Ari Ashe, wtop.com
SILVER SPRING, Md. – It now costs more to park in Silver Spring and North Bethesda.
Both short-term and long-term parking rates increased.
Short-term parking rates increased from 75 cents to $1 per hour.
The rates went up Jan. 1, but since it was a federal holiday, Jan. 2 is the first day people will pay the new rates.
Long-term rates, longer than four hours, increased from 60 to 65 cents and monthly parking permits increased from $113 to $123.
“All money makes a difference, but that’s a minimal amount of money. Just try and park in downtown Washington D.C. It’s a lot more expensive.” says Silver Spring resident Robin Gaster.
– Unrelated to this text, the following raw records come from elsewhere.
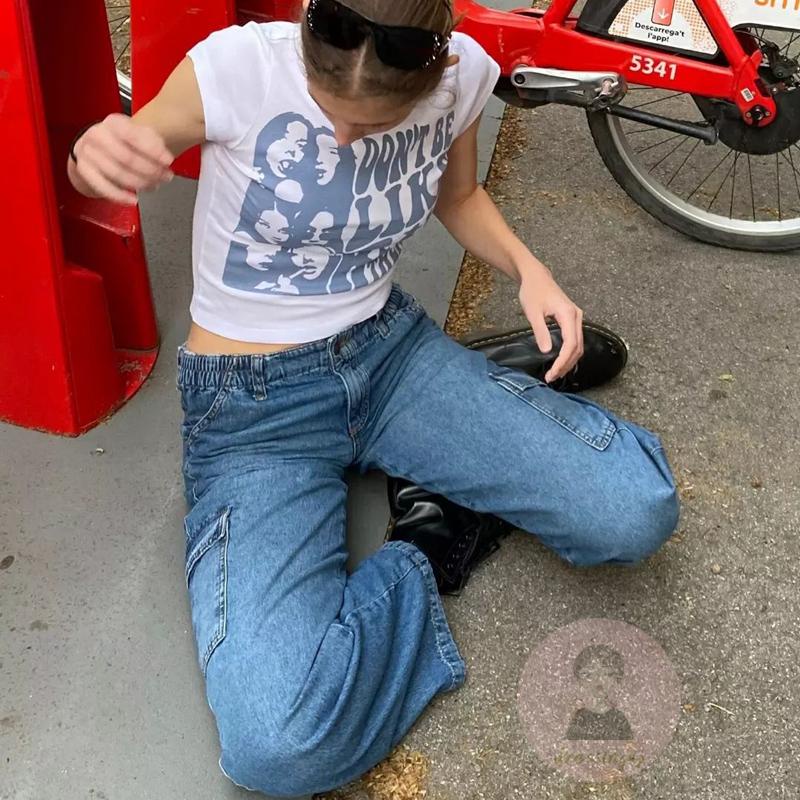 Áo Thun Tay Ngắn Cổ Tròn In Họa Tiết Hoạt Hình Thời Trang Mùa Hè Cho Nữ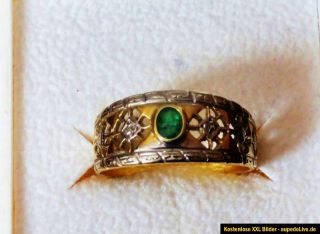 HOCHWERTIGER Damenring Ring 585 Gold Smaragd antik Schmuck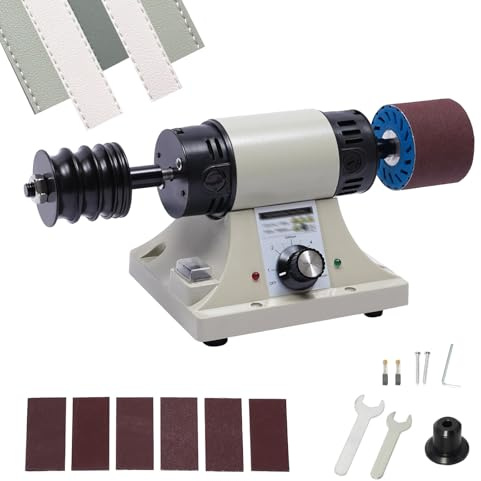 Macchina per lucidatura Bordi in Pelle, Macchina per levigatura Bordi elettrica da 0 a 10000 Giri/min con 6 Nastri abrasivi, lucidatrice Professionale per Pelle con spaz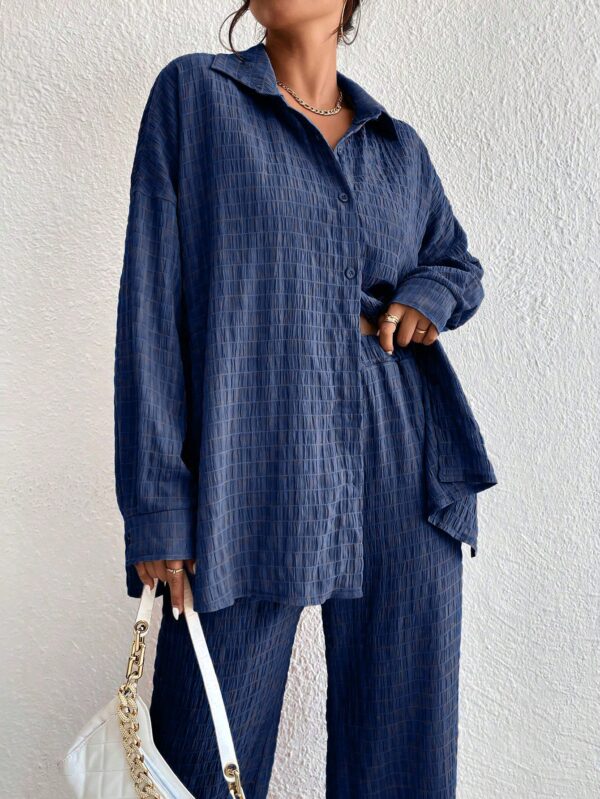 Conjunto Casual de Blusa Suelta y Pantalones con Manga Caída - Image 105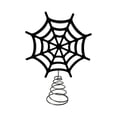 thumbnail image 1 of Gothic Metal Black Web LED Halloween Lighted Tree Topper, Decorative Spooky Focal Point Holiday Tree Ornament, Festive Halloween Tree Decor Topper Light For Decoration, 1 of 8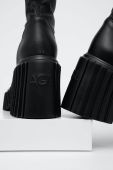AGL Шкіряні черевики TIGGY STRETCH жіночі колір чорний каблук блок D263522PGK06891013 AGL Шкіряні черевики TIGGY STRETCH жіночі колір чорний каблук блок D263522PGK06891013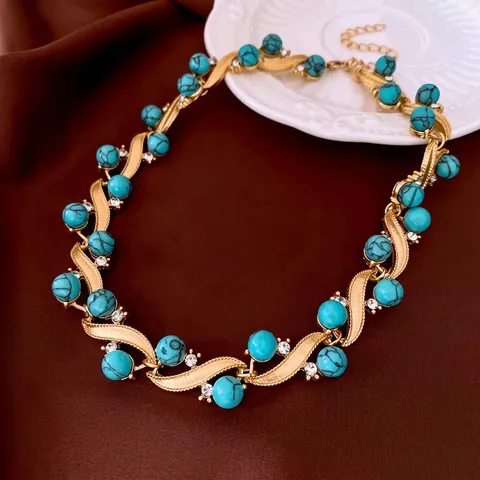 Vintage Turquoise Jewelry Necklace Earrings Alloy With Rhinestone Palace Style For Women Silver Earring Post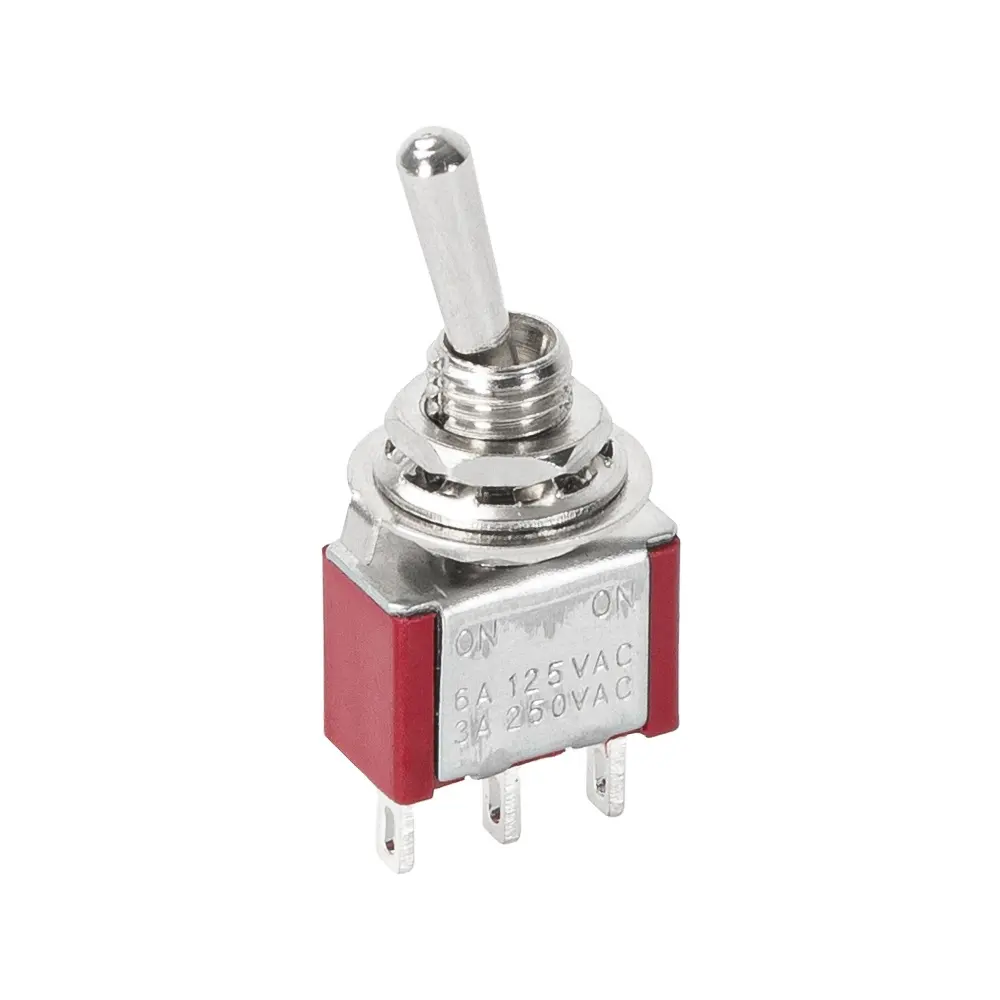 Daiertek interruptor de alternância, MTS-102-R spdt, em-on 2way, mini 3 pinos 6a 125vac 3a 250vac, interruptores de alternância de metal, 2 posições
And that sentiment is pretty common in Silver Spring.
“It’s a quarter, it’s not a big deal. I’m not opposed to paying a little more, as long as it helps out,” says Sonya Meyers, who occasionally visits Silver Spring with her husband and two babies.
According to Rick Siebert, chief of Montgomery County’s Division of Parking Management, it could take a couple weeks until all the meters and garages are converted to the the new rates.
But Chris Higgs, who works at the Sprint Store on Fenton Street, near the AFI Silver Theater, says the increase will hurt him.
“I work nine hours a day, so it’s nine hours that I’m going to have to pay for. And I’m just about to have a daughter, so it’s going to kill me even more,” says Higgs.
He points out while it’ll only cost about $2.25 more per day, it adds up to another $600 out of his wallet this year.
Daunte Williams, who drives to Silver Spring three to four times a week, shares those same concerns.
“It will chip away during the long haul. During these economic times, you need to save every dollar you can get, as far as parking goes,” says Williams.
But when asked whether the higher parking rates will keep him away, he said no.
“It also might cut down on people spending as much money at stores,” says Mike Graves of Hyattsville, Md.
Siebert says the higher parking rates in Silver Spring and North Bethesda are expected to bring in $700,000 per year, and about $350,000 between now at the end of this fiscal year, June 30.
The Montgomery County Council suggested raising the parking rates in 2012 to help fill some budget deficits.